Les Inrockuptibles, 11-17 février 2004, par Fabrice Gabriel
Le Poing dans la bouche
À travers les mots des autres, un apprentissage de soi, par un traducteur de haut vol. Passionnant.
Georges-Arthur Goldschmidt est un grand traducteur, en particulier de Peter Handke, mais aussi, plus lointainement, de Nietzsche et de Kafka. C’est également un essayiste prolixe, fin connaisseur des littératures française et germanique, passeur de frontières et de langues, qui a déjà raconté dans La Traversée des fleuves son histoire douloureuse : celle d’un enfant allemand, luthérien d’origine juive, envoyé par ses parents en Savoie pour échapper aux nazis.
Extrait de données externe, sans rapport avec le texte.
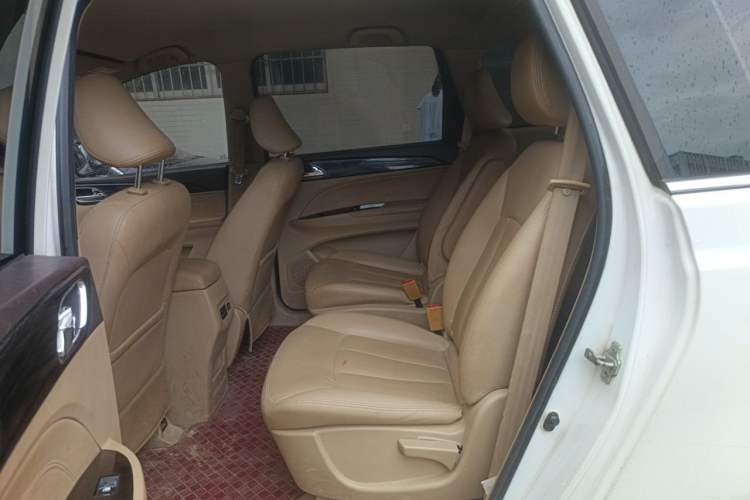 Used Baojun 730 2016 1.5L Manual Comfort Version 7 Seats China V Emission Standard Left Rear Seat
Le Poing dans la bouche, sous-titré Un parcours, peut d’abord donner l’impression d’emprunter le même chemin autobiographique, puisque le premier chapitre s’ouvre sur une évocation de l’austère internat des Hautes-Alpes qui accueillit le jeune Goldschmidt en 1943.
On comprend vite pourtant que si « parcours » il y a, c’est d’abord celui d’un lecteur découvrant, comme en une extase précoce, la langue française par sa littérature. Lisant au hasard d’un manuel quelques « morceaux choisis » de moralistes du XVIIe siècle, l’adolescent a la révélation de ce que sera sa vie : une traversée des langues, presque une nage coulée, au contact – éminemment physique, évidemment sensuel – des mots. Certaines pages évoquent, de façon parfois poignante, la couleur des idiomes ou le poids de la honte, quand l’allemand, langue de la douceur maternelle souillée par les nazis, est devenu un jargon presque imprononçable. Mais ce qui frappe plus encore, et fait toute l’originalité du livre, c’est la manière dont Goldschmidt annexe en quelque sorte la littérature pour en faire son territoire propre : un espace trouble, en vérité, où se répète – de Rousseau à Kafka – une étrange fascination pour la faute, la punition, l’humiliation sans réplique. Le Poing dans la bouche cesse dès lors d’être la simple autobiographie d’un enfant bilingue pour devenir un drôle de roman d’initiation, où philosophes et poètes divers constituent des jalons nécessaires avant la révélation ultime de Kafka. « Certains livres peuvent déterminer et orienter une vie entière », prévient du reste Goldschmidt, pour qui Le Procès fut un choc inégalable : « Joseph K., c’était moi », écrit-il. Son Kafka sera donc très personnel, assez violemment incarné, réussissant ce qu’aurait manqué la philosophie pour s’aventurer plus loin que quiconque « dans l’expérience universelle de l’existence humaine ».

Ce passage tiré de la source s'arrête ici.